*Material for this exercise*:
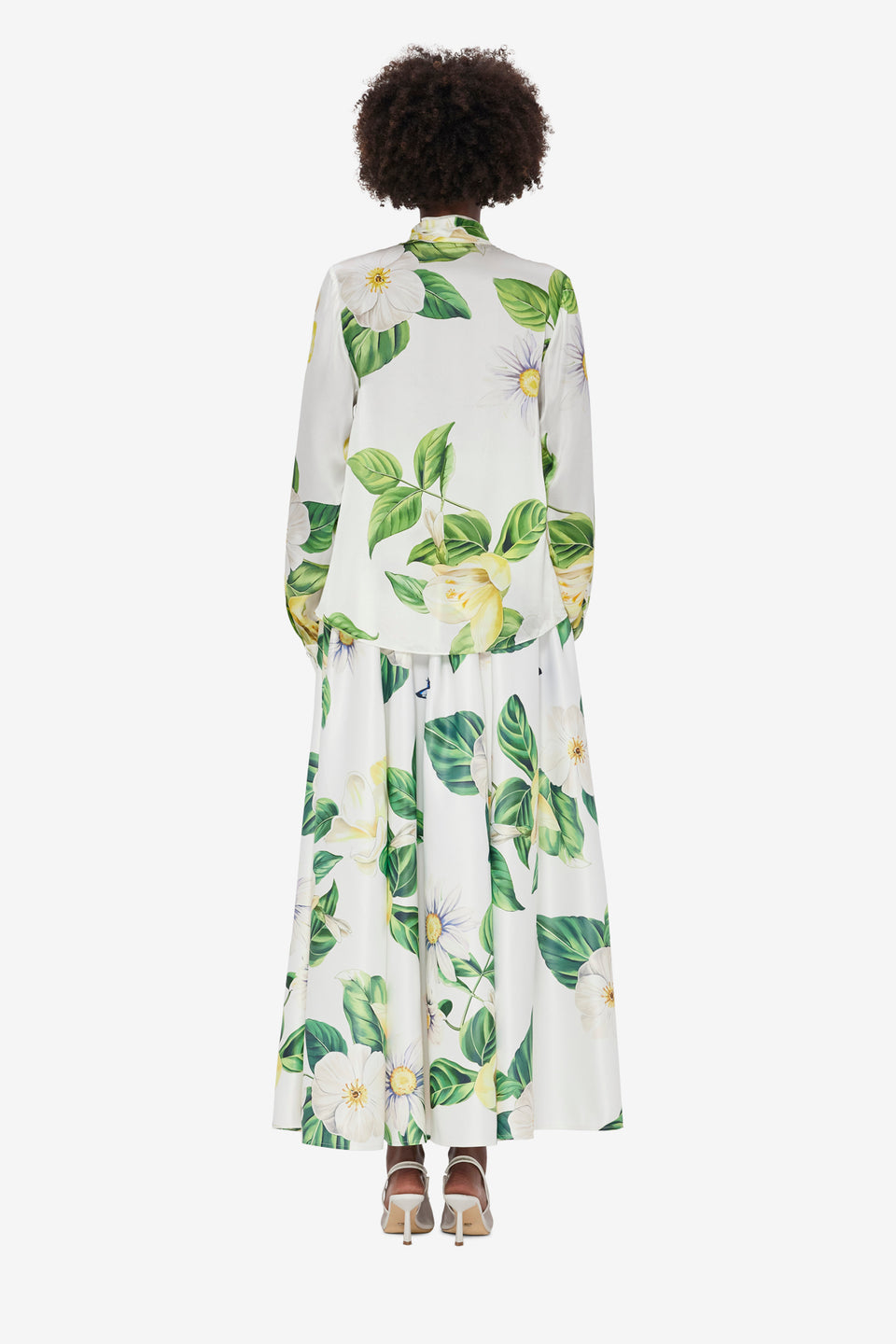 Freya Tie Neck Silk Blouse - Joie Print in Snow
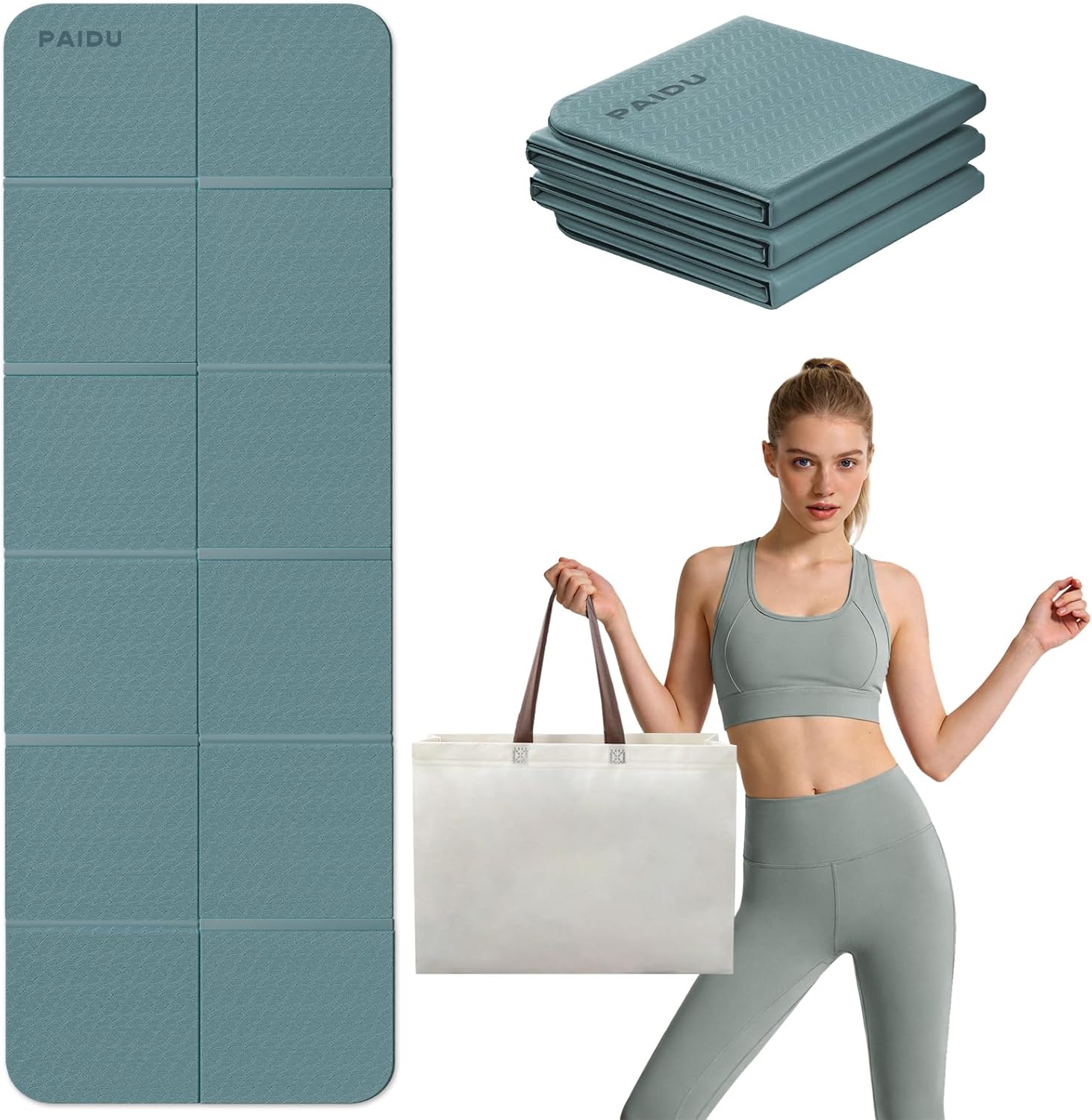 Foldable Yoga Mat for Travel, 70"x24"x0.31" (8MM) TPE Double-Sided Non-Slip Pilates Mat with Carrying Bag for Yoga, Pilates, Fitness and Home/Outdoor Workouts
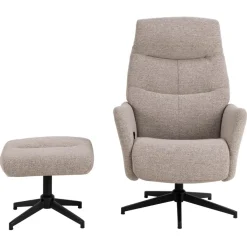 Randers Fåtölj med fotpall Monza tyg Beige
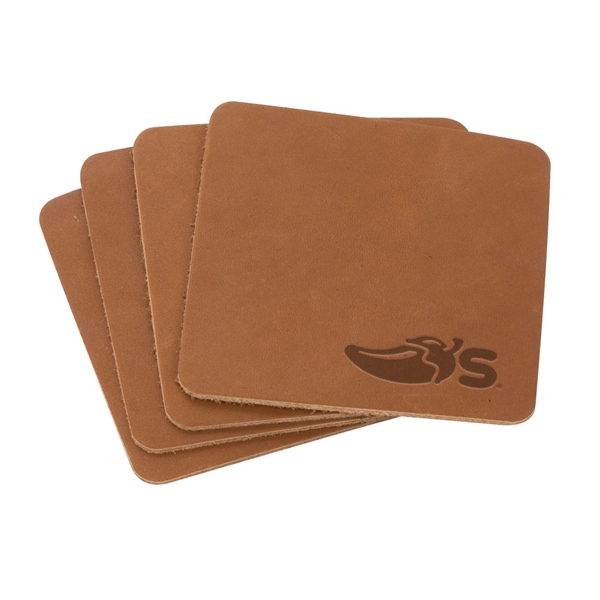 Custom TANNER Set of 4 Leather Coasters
---
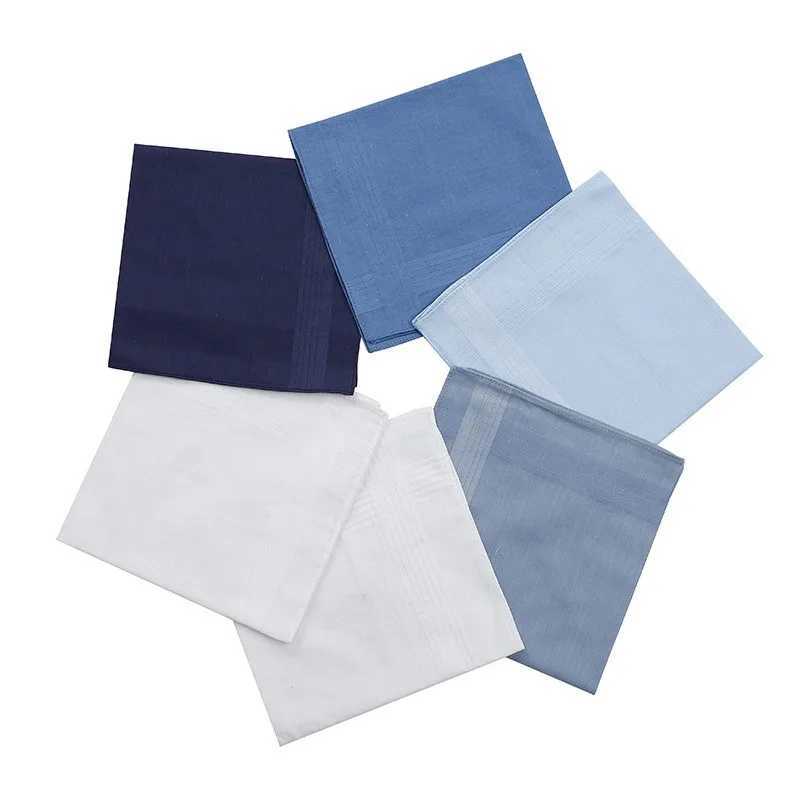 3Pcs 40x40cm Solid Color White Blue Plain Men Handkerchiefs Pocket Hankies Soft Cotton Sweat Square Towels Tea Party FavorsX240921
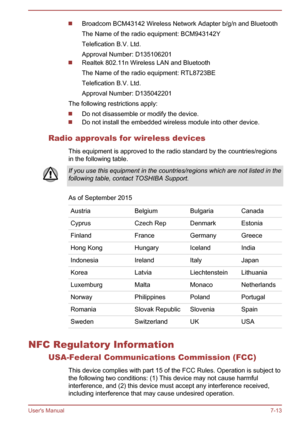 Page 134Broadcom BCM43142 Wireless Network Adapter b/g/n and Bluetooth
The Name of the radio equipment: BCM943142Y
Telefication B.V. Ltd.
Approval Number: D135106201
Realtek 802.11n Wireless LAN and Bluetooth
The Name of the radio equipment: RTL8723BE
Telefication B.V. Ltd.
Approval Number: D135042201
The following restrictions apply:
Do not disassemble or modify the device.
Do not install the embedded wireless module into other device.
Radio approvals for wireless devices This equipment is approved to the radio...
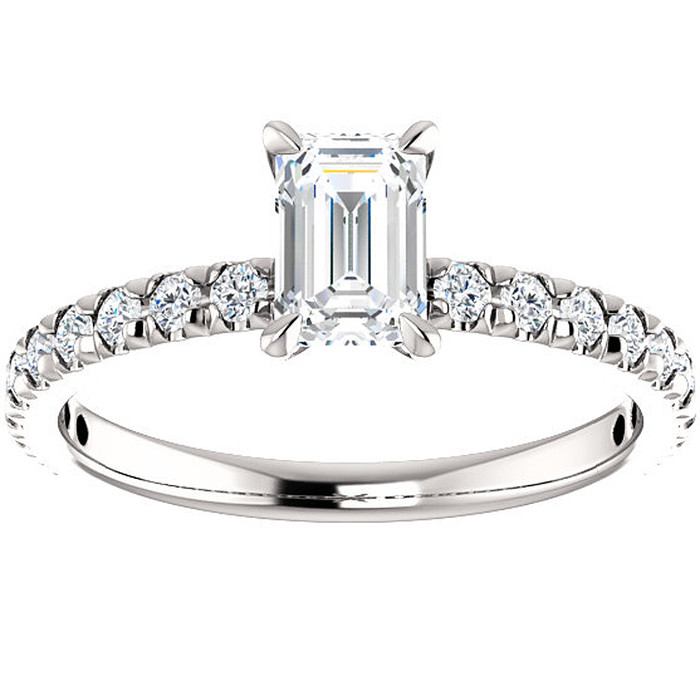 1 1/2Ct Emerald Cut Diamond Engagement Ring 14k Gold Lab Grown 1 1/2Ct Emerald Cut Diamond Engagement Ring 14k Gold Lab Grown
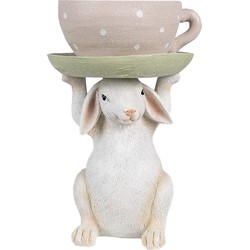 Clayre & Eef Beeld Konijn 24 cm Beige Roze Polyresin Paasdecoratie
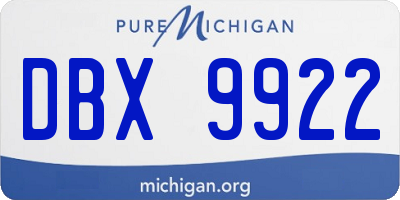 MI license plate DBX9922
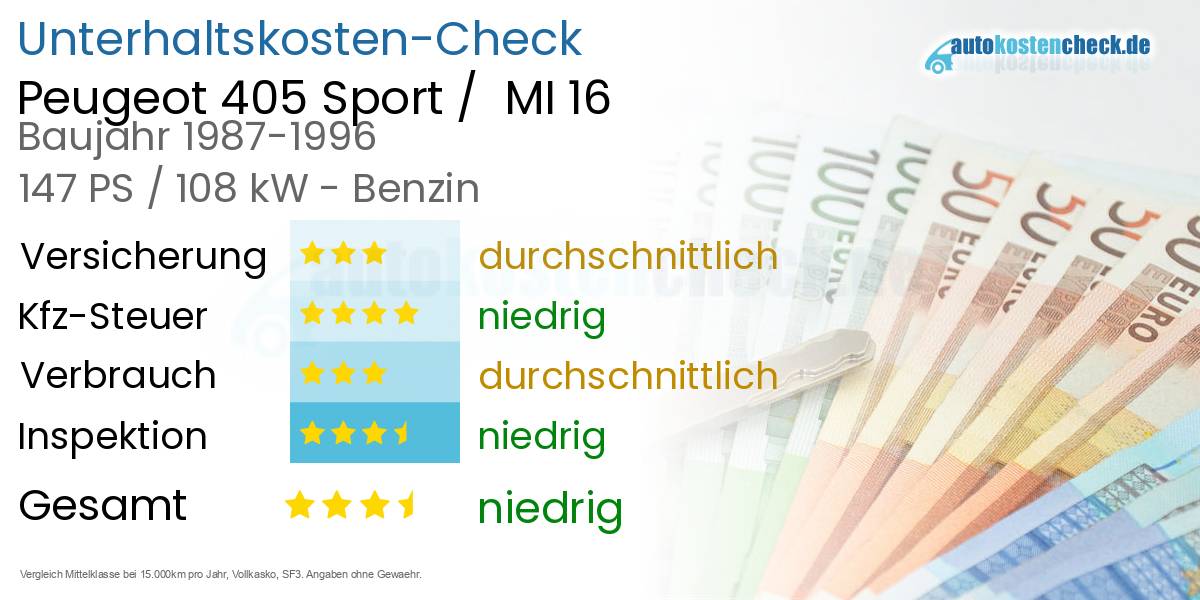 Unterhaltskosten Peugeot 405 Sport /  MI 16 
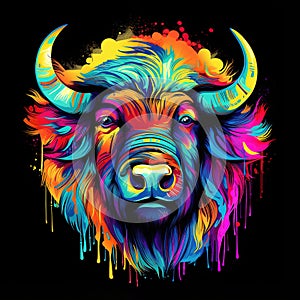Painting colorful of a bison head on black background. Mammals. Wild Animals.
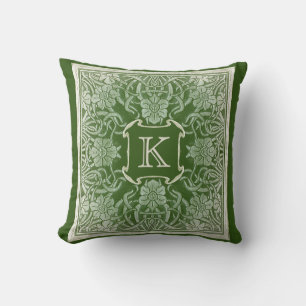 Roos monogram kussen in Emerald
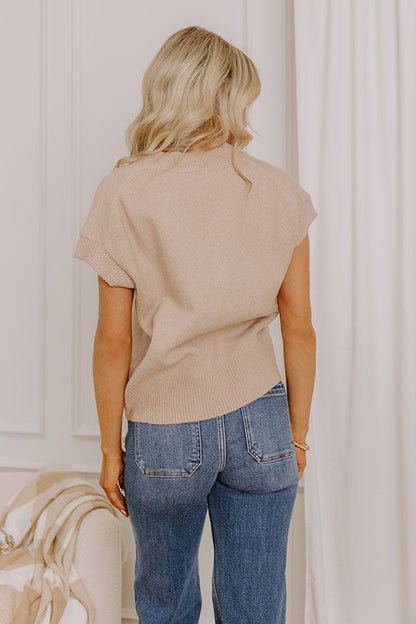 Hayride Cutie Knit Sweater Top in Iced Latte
---
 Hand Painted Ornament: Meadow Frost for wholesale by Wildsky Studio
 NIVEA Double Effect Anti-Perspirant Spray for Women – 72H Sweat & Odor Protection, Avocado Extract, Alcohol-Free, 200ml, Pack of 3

*Work to be completed*:
Would you print exactly the lines in the listing above, from the line bearing "Freya Tie Neck" through the line bearing "Custom TANNER Set of 4 Leather Coasters", leaving out all pictures?

*Response*:
 Freya Tie Neck Silk Blouse - Joie Print in Snow
 Foldable Yoga Mat for Travel, 70"x24"x0.31" (8MM) TPE Double-Sided Non-Slip Pilates Mat with Carrying Bag for Yoga, Pilates, Fitness and Home/Outdoor Workouts
 Randers Fåtölj med fotpall Monza tyg Beige
 Custom TANNER Set of 4 Leather Coasters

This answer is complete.